A lot of pent-up demand exhibited itself in LIC this past weekend, as the beautiful weather brought crowds to the waterfront – almost all properly social distanced, and to the roadie windows of the local bars on Vernon – a little less so, but alcohol is a disinfectant.
Bicyclists filled the streets, and the local bike store re-opened to accommodate much-needed post-winter tuneups and inner tube replacements. Next door Tuk Tuk too has re-opened for takeout & delivery after a month+ hiatus, and the Ice Cream Man on Center Blvd has returned. Oh wait, he never left.
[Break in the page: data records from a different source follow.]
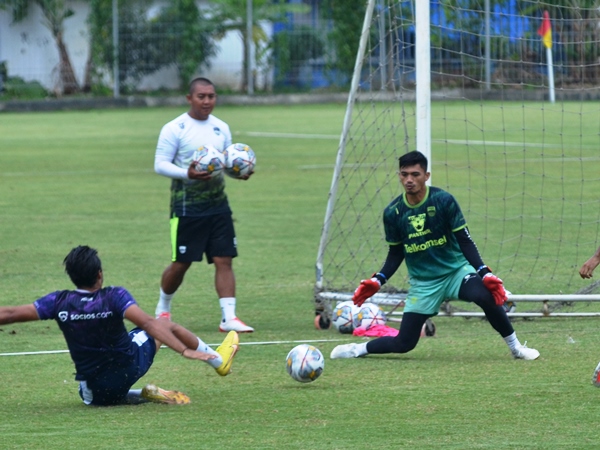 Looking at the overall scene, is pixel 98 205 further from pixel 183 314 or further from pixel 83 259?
pixel 83 259

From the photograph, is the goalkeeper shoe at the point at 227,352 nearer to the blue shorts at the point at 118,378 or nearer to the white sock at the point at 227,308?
the blue shorts at the point at 118,378

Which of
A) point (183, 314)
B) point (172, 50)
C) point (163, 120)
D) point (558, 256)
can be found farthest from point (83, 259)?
point (172, 50)

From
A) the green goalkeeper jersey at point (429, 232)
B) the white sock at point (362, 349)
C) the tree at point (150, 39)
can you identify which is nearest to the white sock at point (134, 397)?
the white sock at point (362, 349)

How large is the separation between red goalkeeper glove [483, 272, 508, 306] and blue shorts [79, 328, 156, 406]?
2258 mm

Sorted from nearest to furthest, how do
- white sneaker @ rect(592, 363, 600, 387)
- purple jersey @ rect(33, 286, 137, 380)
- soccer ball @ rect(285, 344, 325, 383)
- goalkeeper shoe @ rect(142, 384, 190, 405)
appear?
purple jersey @ rect(33, 286, 137, 380) → white sneaker @ rect(592, 363, 600, 387) → goalkeeper shoe @ rect(142, 384, 190, 405) → soccer ball @ rect(285, 344, 325, 383)

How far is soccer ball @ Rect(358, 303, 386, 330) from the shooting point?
9086 millimetres

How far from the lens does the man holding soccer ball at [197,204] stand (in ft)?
31.1

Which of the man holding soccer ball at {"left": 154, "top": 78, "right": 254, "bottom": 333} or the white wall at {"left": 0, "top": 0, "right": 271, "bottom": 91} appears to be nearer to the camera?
the man holding soccer ball at {"left": 154, "top": 78, "right": 254, "bottom": 333}

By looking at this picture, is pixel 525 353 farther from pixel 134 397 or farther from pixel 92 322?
pixel 92 322

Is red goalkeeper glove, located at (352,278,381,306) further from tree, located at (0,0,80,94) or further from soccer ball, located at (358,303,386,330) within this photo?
tree, located at (0,0,80,94)

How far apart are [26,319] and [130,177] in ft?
49.7

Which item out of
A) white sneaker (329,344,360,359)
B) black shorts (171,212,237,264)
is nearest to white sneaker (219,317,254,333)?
black shorts (171,212,237,264)

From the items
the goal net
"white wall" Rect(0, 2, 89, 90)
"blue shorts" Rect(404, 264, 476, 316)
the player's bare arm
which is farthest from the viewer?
"white wall" Rect(0, 2, 89, 90)

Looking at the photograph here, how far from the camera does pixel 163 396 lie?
6836mm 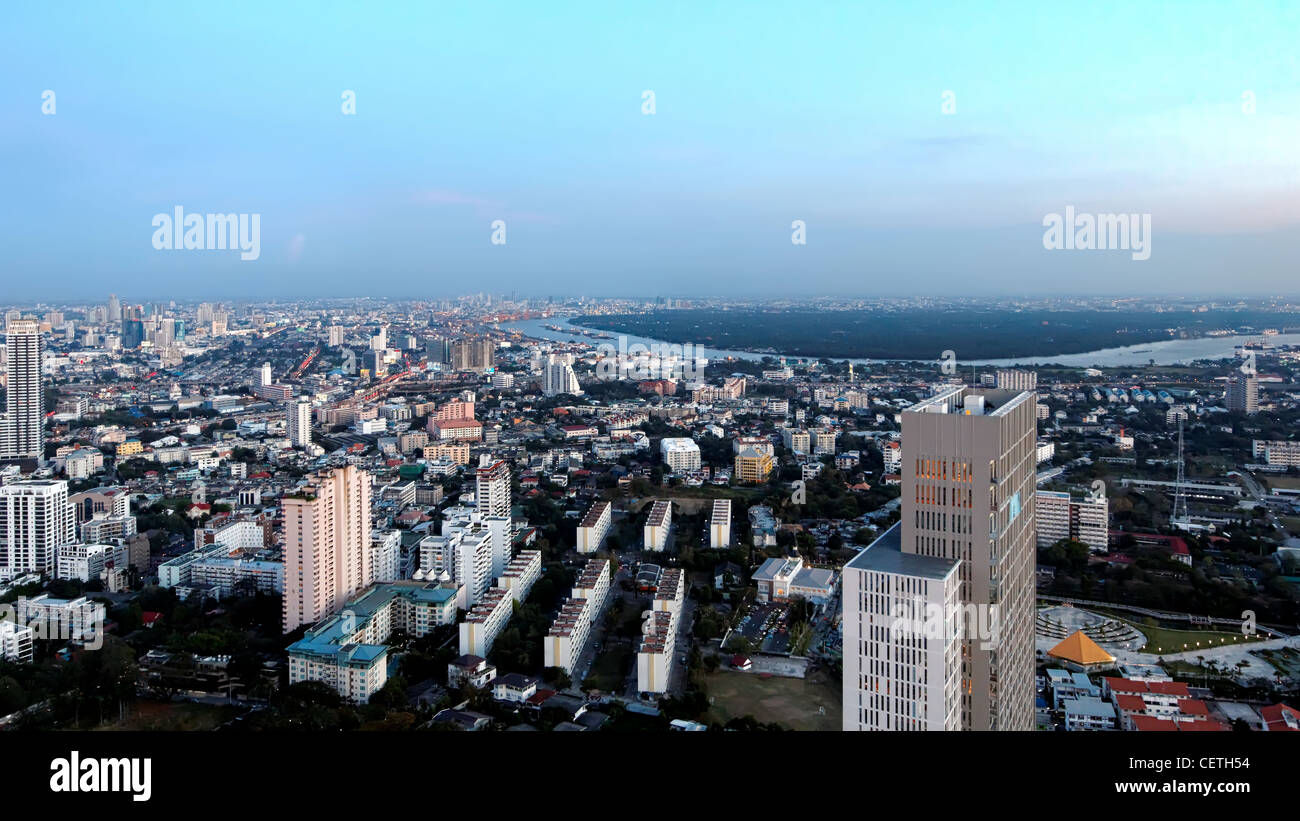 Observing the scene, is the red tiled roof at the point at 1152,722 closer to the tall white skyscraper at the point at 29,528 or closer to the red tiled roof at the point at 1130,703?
the red tiled roof at the point at 1130,703

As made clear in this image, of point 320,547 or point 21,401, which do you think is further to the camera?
point 21,401

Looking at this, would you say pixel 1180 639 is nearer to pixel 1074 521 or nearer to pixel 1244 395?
pixel 1074 521

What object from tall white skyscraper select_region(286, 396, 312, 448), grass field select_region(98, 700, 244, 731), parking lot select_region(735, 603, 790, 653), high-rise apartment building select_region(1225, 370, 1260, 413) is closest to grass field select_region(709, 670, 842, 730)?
parking lot select_region(735, 603, 790, 653)

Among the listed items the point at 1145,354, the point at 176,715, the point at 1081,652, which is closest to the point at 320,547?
the point at 176,715

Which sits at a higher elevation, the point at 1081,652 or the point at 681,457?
the point at 681,457

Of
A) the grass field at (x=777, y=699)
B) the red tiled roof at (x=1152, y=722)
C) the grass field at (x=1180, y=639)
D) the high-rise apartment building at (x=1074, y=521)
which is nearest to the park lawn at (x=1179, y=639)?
the grass field at (x=1180, y=639)

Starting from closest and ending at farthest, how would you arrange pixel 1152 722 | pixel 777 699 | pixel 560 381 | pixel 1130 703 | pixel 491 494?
pixel 1152 722 < pixel 1130 703 < pixel 777 699 < pixel 491 494 < pixel 560 381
This weeks news includes articles about two local companies that received PPP Loans, one being the owners of Maiella and American Brass who were given $700,000 in round two. As I say on the tee-box, the second time’s the charm, but I really hope there’s more than two companies who succeeded. A lot more.
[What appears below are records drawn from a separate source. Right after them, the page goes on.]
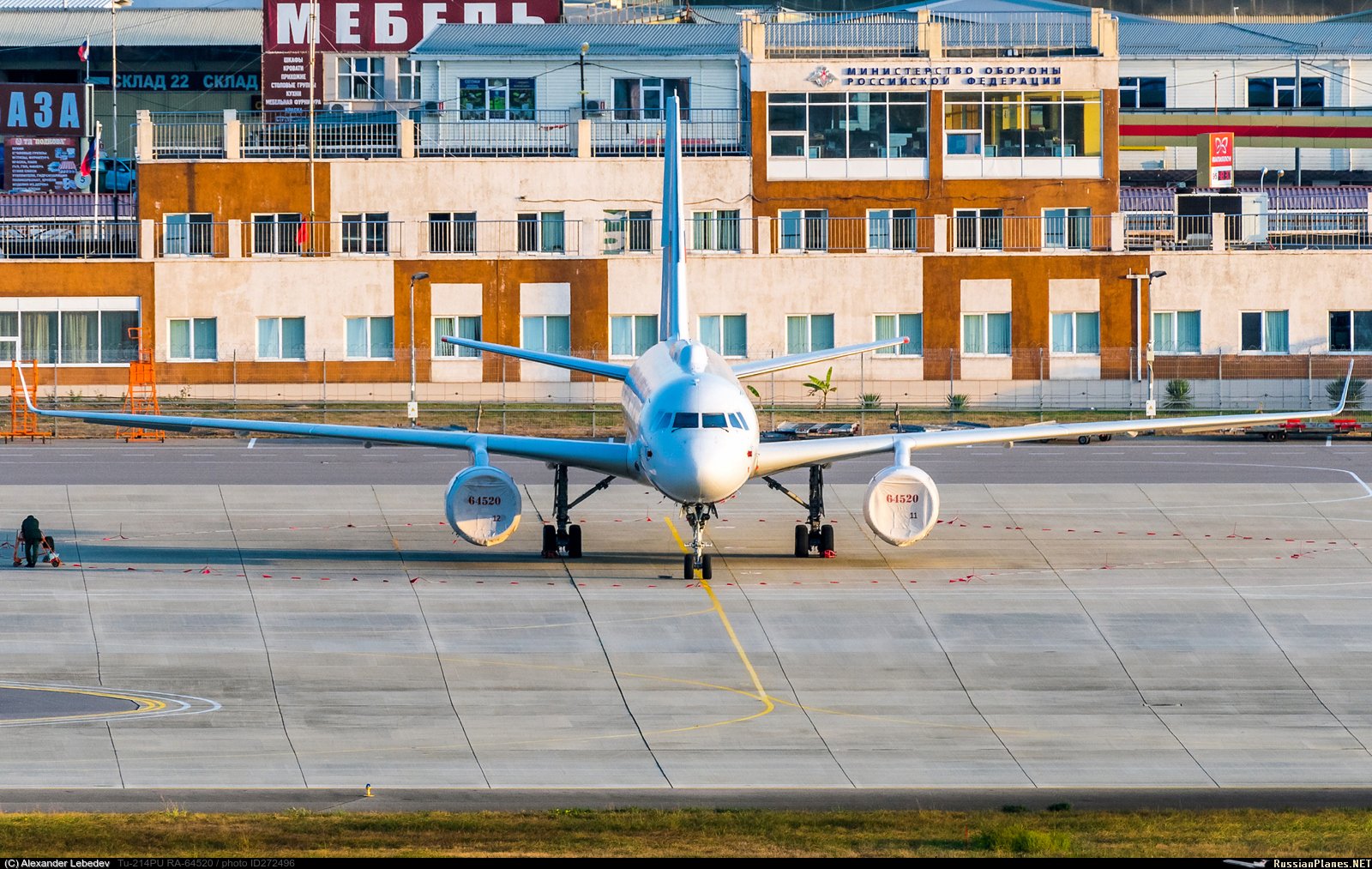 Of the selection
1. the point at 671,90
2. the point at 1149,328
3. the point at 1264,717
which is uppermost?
the point at 671,90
There’s also a press release from some NY State Assembly members looking to kill Queens Live Markets on the assumption they spread disease. I have mixed feelings about this, having always admired our local Live Market under the N&R train as the last vestige of a different era. Sure if there’s actual proof than close them, but first consider whether large remote slaughterhouses and the factory farmed animals they process are a better solution?
Outlaw small businesses or let them proliferate? Continue allowing roadies or not? Loans for all or just a few? Jobs going and jobs coming back, sorta. Let’em congregate and memorialize hassle free or enforce strictness? Read below and decide yourself.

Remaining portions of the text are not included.